We first piloted a trek on an American Indian Studies student success course (AIS197b). This course for freshmen introduces students to services on campus that will be useful to them while they are at the UA. Last year, we presented a quick information session on library services, and then had the students complete a scavenger hunt for a class grade (participation points) with pencil and paper throughout the library. Although they seemed glad to be able to get out and move around, it didn’t seem particularly fun and engaging. On top of that, every time the students got stuck or had a question, they had to come back to the main floor to find librarians and get help. In contrast, when students get an answer wrong in SCVNGR, feedback is programmed in to guide them to the correct information. And, because they don’t need clues to make it to the next step (they just go back and select the next challenge in the trek), they are able to continue without one mistake preventing them from moving on to the next activity. This semester, we first presented a brief instruction session (approximately 15-20 min) and then let students get started on SCVNGR.

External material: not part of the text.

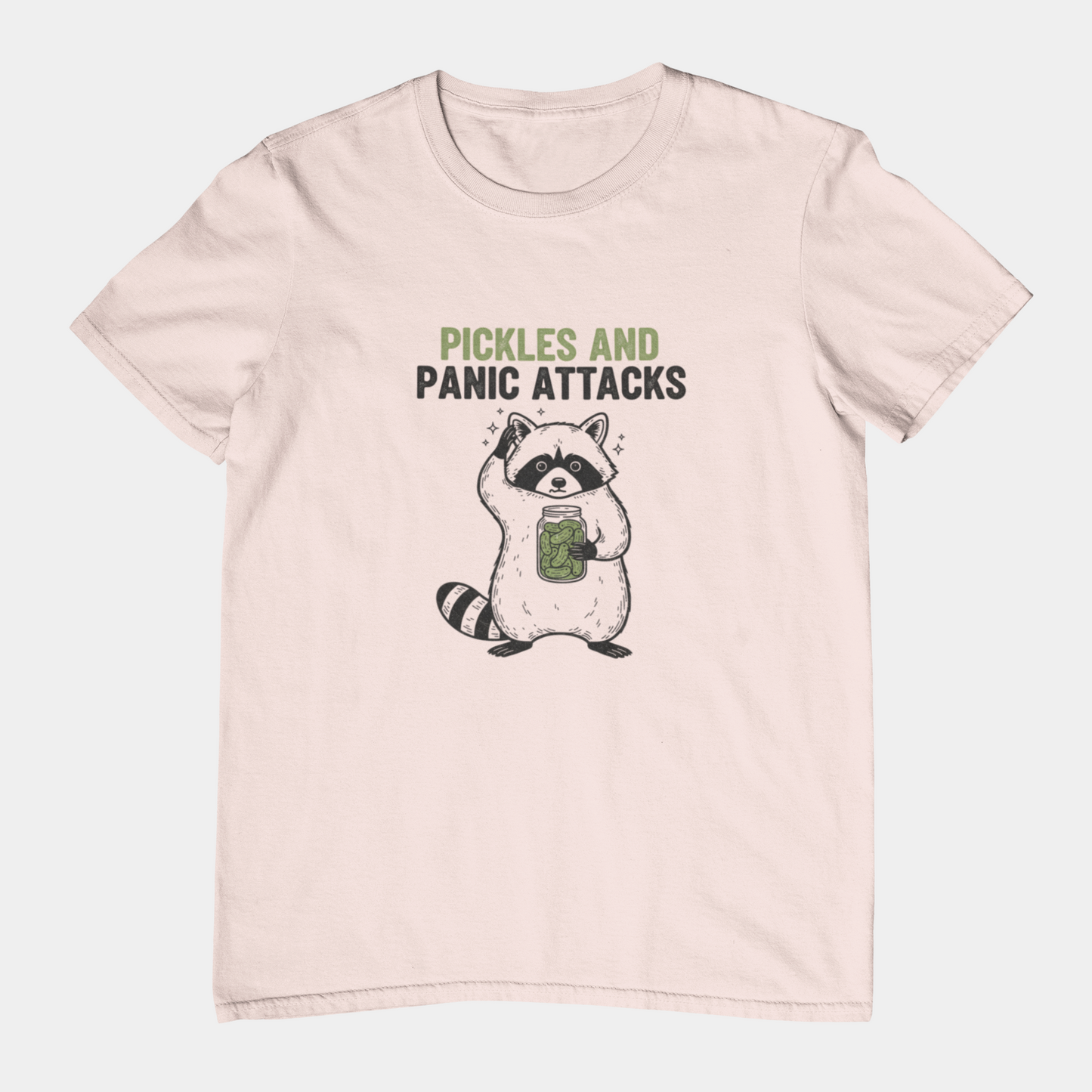 T-Shirt Pickles and Panic Attacks T-Shirt – Vintage Raccoon Graphic Tee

You can see in the screenshot below how question design works, where you can select the location, how many points count toward the activity, type of activity (taking a photo, answering with text, or scanning a QR code), and then providing feedback. If a student answers a question incorrectly, as I mention above, they will receive feedback to help them in figuring out the correct answer. I really like that when students get answers right, they know instantly. This is positive reinforcement for them to continue.
The activities designed for students in this class were focused on photo and text-based challenges. We stayed away from QR codes because they can be finicky with some phones, and simply taking a picture of the QR code meets the challenge requirement for that option of activity. Our challenges included:
- Meet the reference desk (above): Students meet desk staff and ask how they can get in touch for reference assistance; answers are by text and students type in which method they think they would use the most: email, chat, phone, or in person.

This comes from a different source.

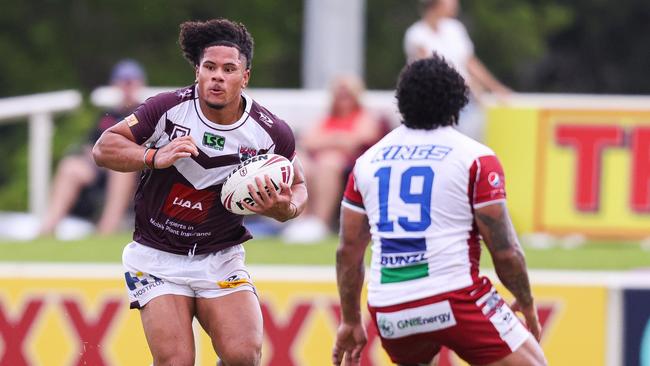 Josiah Pahulu in action during his Burleigh Bears debut. Picture: Dylan Parker Photography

- Prints for a day: Students find out about printing (a frequent question of new students), and text in how to pay for printing after finding the information at the Express Documents Center.
- Playing favorites: Students wander around the library and find their favorite study spot. Taking a picture completes the challenge, and all images are collected in the Trek’s statistics.
- Found in the stacks: After learning how to use the catalog (we provided a brief instruction session to this class before setting them loose), students search the catalog for books on a topic they are interested in, then locate the book on the shelf and take a picture. One student used this time to find books for another class and was really glad he got some practice.
- A room of one’s own: The UA Libraries implemented online study room reservations as of a year ago. In order to introduce this new option to students, this challenge had them use their smartphones to go to the mobile reservation page and find out what the maximum amount of hours study rooms can be reserved for and text that in.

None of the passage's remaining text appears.